2. engineers to acquire domain knowledge of biotechnology
In addition, I believe that it will be necessary to acquire knowledge of the biotech domain. I myself am an engineer who has focused on software development in the past, so I do not have expert knowledge in the fields of biotechnology or bioinformatics. Therefore, as we work to improve each process, there are many areas where we do not understand the intent of the process. Fortunately, we have an environment where we can easily ask questions to experts both synchronously and asynchronously via web conferencing and Slack, so I am not troubled by this. However, in order to improve the quality of details and build a better infrastructure environment, I will need to acquire a certain level of domain knowledge myself.
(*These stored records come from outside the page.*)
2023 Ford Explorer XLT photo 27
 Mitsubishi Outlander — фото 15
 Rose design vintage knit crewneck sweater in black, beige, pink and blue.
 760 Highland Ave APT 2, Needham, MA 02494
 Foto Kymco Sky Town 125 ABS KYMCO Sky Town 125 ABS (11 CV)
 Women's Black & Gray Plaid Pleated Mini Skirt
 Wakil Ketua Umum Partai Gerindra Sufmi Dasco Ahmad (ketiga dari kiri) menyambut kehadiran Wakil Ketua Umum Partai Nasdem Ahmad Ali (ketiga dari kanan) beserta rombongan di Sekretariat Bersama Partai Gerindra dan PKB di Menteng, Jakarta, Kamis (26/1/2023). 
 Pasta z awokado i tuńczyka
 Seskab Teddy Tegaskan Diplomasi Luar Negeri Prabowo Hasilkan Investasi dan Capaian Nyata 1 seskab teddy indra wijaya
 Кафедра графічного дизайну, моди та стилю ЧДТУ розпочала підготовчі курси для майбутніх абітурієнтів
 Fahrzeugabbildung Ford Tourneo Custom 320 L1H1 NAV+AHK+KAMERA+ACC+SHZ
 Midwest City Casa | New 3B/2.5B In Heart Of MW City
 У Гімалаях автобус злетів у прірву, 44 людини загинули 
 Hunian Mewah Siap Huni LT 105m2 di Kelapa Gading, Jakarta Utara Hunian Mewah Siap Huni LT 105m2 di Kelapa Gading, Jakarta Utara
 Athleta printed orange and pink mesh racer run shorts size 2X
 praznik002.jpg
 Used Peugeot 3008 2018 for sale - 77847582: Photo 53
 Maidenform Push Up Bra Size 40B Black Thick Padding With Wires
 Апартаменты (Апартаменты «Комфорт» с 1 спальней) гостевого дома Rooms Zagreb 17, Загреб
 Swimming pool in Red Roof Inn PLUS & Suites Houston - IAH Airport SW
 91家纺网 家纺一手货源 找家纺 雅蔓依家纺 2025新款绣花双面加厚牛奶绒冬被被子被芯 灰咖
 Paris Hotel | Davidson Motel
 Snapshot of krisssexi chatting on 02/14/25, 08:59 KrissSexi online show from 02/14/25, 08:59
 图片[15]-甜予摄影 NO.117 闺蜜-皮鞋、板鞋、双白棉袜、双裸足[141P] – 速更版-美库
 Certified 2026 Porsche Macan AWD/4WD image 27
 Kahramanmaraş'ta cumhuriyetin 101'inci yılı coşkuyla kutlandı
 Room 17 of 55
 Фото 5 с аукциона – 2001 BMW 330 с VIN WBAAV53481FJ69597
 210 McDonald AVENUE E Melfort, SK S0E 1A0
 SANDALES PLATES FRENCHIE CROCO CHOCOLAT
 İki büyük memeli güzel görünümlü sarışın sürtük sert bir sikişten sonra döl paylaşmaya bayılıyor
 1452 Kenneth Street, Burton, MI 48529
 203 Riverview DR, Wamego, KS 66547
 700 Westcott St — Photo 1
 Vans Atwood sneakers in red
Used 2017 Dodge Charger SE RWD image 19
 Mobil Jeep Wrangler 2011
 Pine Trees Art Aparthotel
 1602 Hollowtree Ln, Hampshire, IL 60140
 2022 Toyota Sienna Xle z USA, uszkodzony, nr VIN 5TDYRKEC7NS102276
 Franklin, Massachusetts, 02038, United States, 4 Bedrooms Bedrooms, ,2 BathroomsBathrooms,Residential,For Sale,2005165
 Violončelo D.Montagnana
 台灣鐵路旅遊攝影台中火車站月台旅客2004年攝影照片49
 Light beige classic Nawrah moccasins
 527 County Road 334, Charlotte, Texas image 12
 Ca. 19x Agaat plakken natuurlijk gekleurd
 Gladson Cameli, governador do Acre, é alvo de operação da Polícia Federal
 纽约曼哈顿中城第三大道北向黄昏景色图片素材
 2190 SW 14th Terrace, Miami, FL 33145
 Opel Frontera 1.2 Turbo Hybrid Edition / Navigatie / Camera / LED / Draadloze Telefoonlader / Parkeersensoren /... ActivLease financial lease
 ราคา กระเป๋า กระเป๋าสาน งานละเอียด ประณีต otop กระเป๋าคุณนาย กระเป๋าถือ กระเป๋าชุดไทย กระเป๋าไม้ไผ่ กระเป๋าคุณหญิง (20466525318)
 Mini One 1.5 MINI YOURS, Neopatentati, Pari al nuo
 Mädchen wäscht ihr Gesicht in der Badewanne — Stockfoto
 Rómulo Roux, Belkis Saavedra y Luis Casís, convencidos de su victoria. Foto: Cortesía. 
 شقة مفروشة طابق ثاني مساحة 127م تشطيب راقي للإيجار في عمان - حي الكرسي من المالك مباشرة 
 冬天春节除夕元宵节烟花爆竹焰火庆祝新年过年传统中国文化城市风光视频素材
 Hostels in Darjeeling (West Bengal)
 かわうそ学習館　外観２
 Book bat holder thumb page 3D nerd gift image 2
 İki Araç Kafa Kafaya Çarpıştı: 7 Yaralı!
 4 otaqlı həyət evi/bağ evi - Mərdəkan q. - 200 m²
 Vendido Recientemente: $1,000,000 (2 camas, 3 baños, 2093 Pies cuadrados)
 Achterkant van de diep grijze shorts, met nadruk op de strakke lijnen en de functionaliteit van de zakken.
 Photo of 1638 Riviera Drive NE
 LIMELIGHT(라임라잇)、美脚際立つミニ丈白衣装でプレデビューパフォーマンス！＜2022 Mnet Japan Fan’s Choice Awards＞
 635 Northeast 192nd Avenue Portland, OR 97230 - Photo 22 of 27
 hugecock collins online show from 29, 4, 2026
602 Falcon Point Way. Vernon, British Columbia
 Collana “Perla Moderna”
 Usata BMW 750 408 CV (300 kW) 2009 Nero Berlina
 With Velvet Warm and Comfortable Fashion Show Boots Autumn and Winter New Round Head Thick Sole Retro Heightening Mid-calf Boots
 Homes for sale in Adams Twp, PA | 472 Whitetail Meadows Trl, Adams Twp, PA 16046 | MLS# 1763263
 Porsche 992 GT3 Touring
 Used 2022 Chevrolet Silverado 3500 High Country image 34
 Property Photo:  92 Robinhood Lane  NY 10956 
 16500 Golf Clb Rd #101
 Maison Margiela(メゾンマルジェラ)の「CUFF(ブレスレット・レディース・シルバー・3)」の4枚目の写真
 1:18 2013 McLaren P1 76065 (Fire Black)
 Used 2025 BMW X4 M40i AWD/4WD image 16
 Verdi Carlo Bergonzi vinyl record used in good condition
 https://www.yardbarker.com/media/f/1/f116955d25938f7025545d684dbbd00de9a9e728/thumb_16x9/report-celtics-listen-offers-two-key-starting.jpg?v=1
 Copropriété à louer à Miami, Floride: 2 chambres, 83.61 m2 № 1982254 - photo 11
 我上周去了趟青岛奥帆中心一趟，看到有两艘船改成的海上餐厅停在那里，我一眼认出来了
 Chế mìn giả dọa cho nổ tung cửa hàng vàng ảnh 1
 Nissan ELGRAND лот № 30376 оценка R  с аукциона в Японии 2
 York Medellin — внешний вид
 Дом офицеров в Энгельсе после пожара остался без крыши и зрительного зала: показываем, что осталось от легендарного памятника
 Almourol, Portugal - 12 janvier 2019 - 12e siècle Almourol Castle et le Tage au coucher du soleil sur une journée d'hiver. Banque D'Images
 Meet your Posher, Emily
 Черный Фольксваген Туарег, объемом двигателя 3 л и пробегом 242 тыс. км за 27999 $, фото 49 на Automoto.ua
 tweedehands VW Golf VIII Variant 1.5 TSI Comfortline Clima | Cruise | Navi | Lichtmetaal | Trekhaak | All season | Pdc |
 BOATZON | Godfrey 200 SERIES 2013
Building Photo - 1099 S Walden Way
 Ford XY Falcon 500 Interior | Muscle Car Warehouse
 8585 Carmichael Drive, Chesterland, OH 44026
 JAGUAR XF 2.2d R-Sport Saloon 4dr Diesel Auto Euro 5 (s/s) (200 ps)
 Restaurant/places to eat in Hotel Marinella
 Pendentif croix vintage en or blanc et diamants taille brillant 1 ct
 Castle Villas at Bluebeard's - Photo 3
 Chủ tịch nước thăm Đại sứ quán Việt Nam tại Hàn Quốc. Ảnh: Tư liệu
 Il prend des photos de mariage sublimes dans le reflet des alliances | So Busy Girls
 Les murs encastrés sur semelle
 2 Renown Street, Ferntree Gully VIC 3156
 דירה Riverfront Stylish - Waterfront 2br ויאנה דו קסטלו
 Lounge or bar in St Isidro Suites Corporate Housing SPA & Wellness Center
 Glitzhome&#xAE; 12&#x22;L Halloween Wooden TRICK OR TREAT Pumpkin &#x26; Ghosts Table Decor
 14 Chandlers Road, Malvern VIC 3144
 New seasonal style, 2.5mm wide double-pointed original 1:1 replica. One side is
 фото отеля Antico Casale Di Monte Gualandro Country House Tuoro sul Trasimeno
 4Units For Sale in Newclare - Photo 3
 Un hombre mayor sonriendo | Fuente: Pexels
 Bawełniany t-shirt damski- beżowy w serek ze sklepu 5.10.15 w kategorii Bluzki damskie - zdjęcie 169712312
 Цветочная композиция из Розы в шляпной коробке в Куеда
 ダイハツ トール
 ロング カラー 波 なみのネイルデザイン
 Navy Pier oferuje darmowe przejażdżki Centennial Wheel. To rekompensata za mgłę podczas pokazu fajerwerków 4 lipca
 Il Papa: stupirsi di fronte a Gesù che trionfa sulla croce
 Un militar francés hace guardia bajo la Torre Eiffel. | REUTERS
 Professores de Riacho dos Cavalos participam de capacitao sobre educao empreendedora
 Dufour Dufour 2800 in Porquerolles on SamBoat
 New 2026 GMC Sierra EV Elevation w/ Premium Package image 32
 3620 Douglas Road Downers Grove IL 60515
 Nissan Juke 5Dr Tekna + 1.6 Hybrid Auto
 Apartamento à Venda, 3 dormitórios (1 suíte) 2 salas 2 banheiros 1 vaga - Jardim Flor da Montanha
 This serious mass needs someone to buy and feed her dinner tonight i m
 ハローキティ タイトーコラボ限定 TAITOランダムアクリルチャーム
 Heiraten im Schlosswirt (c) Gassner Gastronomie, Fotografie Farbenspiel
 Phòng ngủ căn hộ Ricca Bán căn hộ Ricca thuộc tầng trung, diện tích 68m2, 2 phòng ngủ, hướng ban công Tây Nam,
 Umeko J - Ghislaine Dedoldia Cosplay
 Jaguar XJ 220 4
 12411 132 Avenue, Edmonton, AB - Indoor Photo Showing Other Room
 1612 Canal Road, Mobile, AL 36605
COGNANO's values include "cross-border and fusion," and we place great importance on respecting each other's expertise, while at the same time being as close as possible. This is because we believe that both sides are trying to transcend the bio and IT domains, and the results that emerge from this will create great value. The construction of the deep learning model mentioned in this article is one of the results of these efforts. Through my ongoing projects, I would like to work every day to make a better contribution to society.
In this article, I introduced the pre-processing process of machine learning at COGNANO and our efforts to apply it to the MLOps framework. Although I interjected some hard talk of social contribution at the end, I myself enjoy learning more and more about unknown areas and working on improvements every day.
I plan to publish details of the data sets we are currently using and the pre-processing in conjunction with the submission of papers and other activities. We hope to be able to provide the data with as high a level of reproducibility as possible, so if you are interested in our work, please look forward to it.